» **Records for the exercise**
════

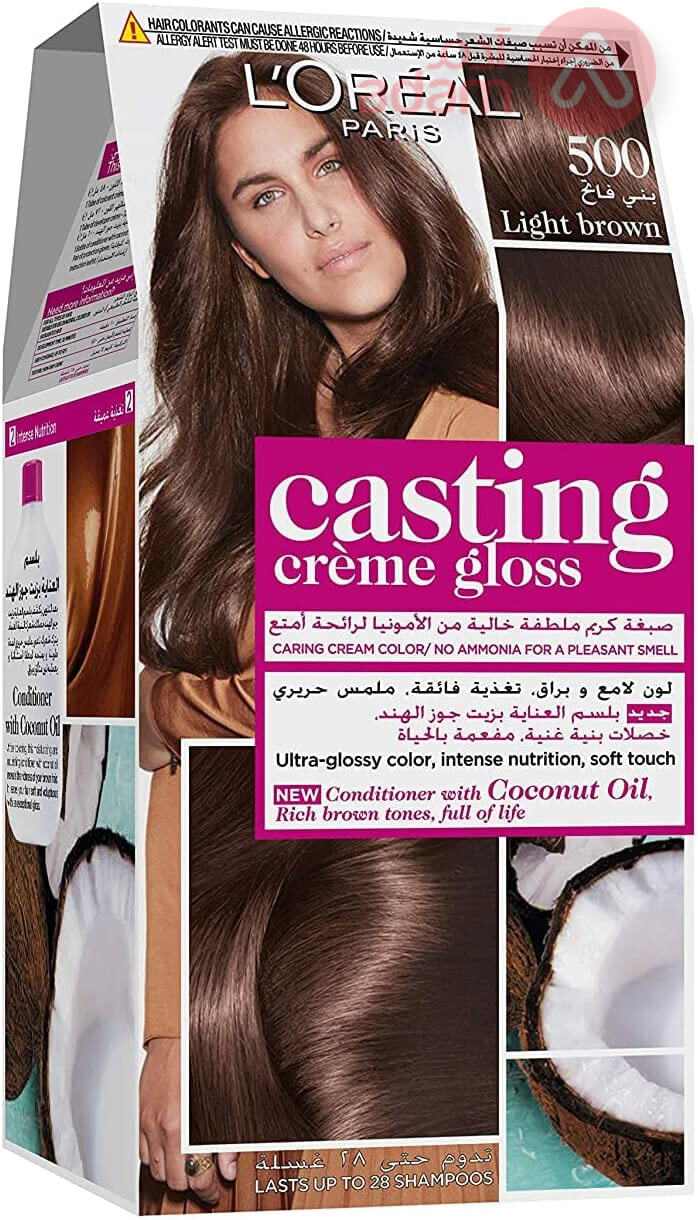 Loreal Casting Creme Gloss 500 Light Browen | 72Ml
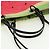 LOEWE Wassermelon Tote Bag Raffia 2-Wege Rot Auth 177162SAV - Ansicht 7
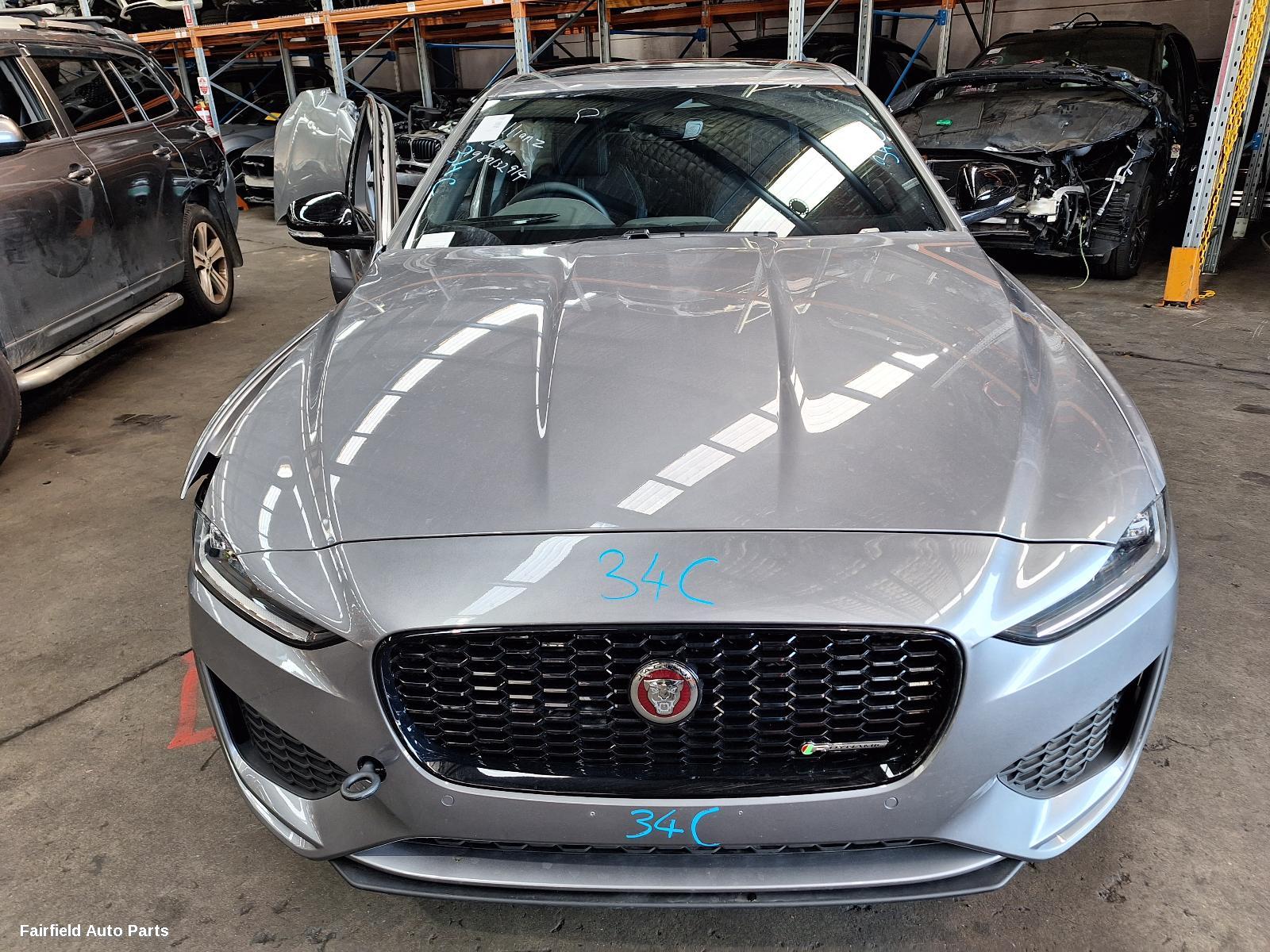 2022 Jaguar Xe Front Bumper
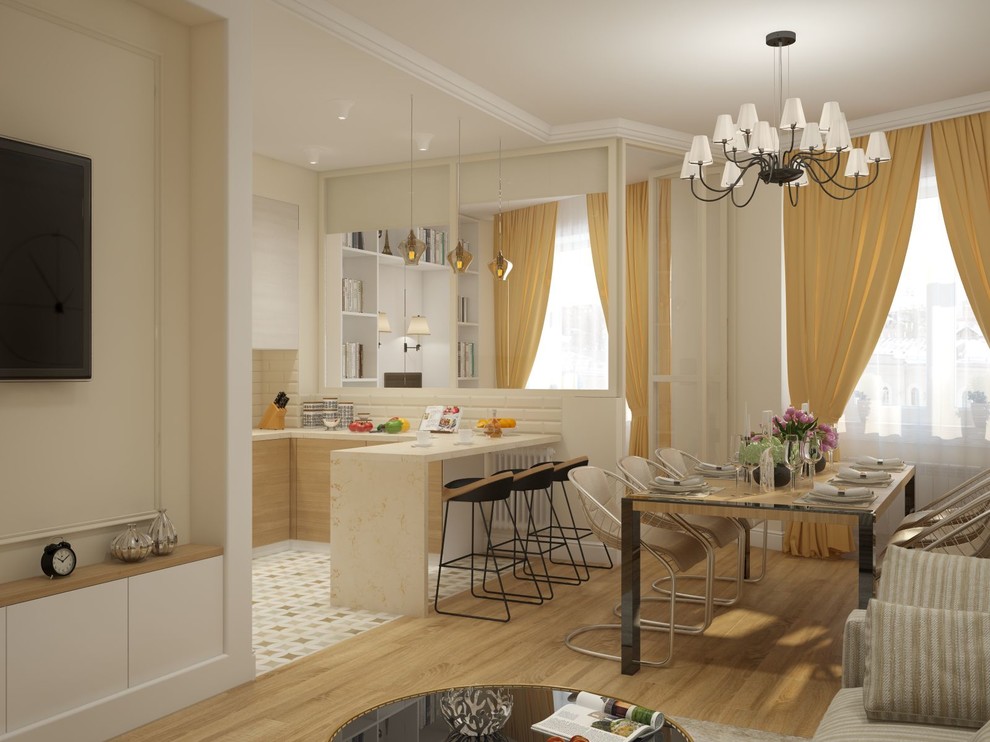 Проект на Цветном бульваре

════

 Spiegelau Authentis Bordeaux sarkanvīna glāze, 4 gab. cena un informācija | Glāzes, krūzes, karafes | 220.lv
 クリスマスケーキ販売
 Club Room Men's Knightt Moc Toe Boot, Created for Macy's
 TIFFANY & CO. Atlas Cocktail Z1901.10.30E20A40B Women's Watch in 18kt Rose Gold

════

» **Problem details**
From the records above, give again only the part that opens with the line containing "2022 Jaguar Xe Front Bumper" and closes with the line containing "Проект на Цветном бульваре". Keep both ends but drop the pictures.

» **Task result**
 2022 Jaguar Xe Front Bumper
 Проект на Цветном бульваре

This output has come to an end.